Meanwhile the politics of liberal democracies has been reduced almost entirely to political necessities, which are used to justify widespread procrastination, opportunism, and the supplanting of political views by results from opinion polls. Perhaps the most important life choice we make is deciding which is the lesser evil: cynicism or naiveté. Kuroń preferred being naïve to being cynical. That is the first lesson we can take from Kuroń. The second is that the recognition of certain “political realities” does not mean abandoning ambitions to change the world.

Where is this actuality of Kuroń’s political program hidden? Against the background of today’s increasingly anonymized world, Kuroń is, next to Havel, the most prominent theoretician of constructing a social movement. Everyone who wonders why mass phenomena such as Indignados or Occupy Wall Street were only social protests and did not develop into social movements will readily recognize the value of Kuroń’s work and will perhaps admit that it is worth returning to his analysis of social relations in Scouting, among the so-called commandos, in KOR, in the democratic opposition, and also in Solidarity.

The importance of Kuroń’s ideas will grow in tandem with the weakening of social ties in developed societies. That development is the deepest foundation of the crisis in contemporary politics. For globalization is not a complete explanation for the regression of contemporary politics. It is claimed – not without reason – that globalization deprives individual countries of the possibility to make decisions for themselves through economic policy, which has become dependent on financial market reactions that often punish “irresponsible” economic policies.

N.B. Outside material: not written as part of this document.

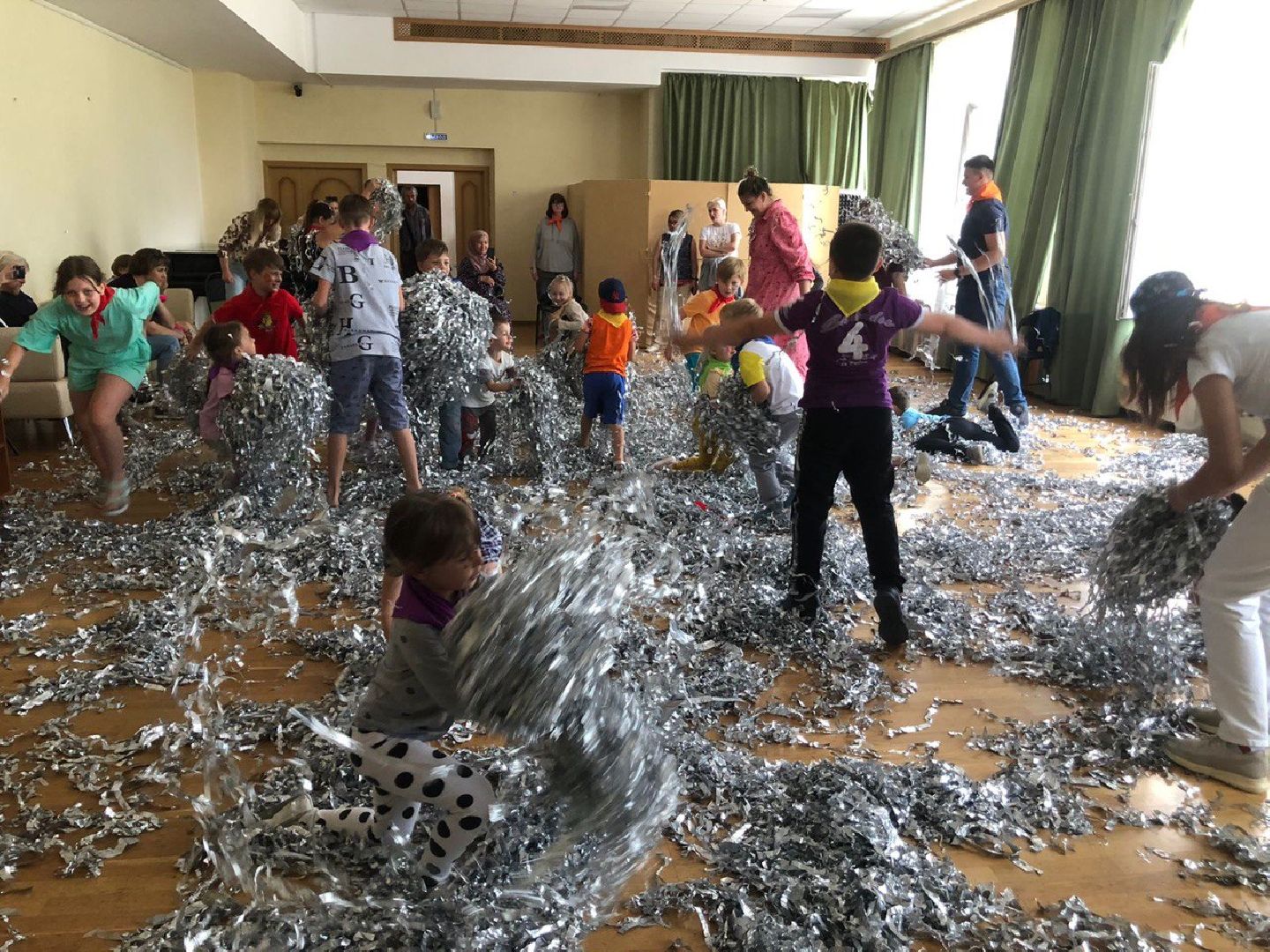 Чехов, праздник, дети, лето, дом культуры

When everyone who achieves power must do more or less the same thing economically, disputes between parties must move elsewhere, and this is how culture wars are born. Hence the mysterious popularity of various bizarre topics in the sphere of public debate. In Poland this is represented by the unending debate around the Smoleńsk tragedy, fueled by the right-wing conspiracy theory of a Russian assassination plot, or the earlier twenty-year excitement over lustration and the unmasking of former government agents, as well as its equally mysterious and sudden disappearance once Smoleńsk appeared. This explains the paradox that contemporary political conflicts are all the more ruthless the more devoid they are of content – and the more politicians are devoid of meaning.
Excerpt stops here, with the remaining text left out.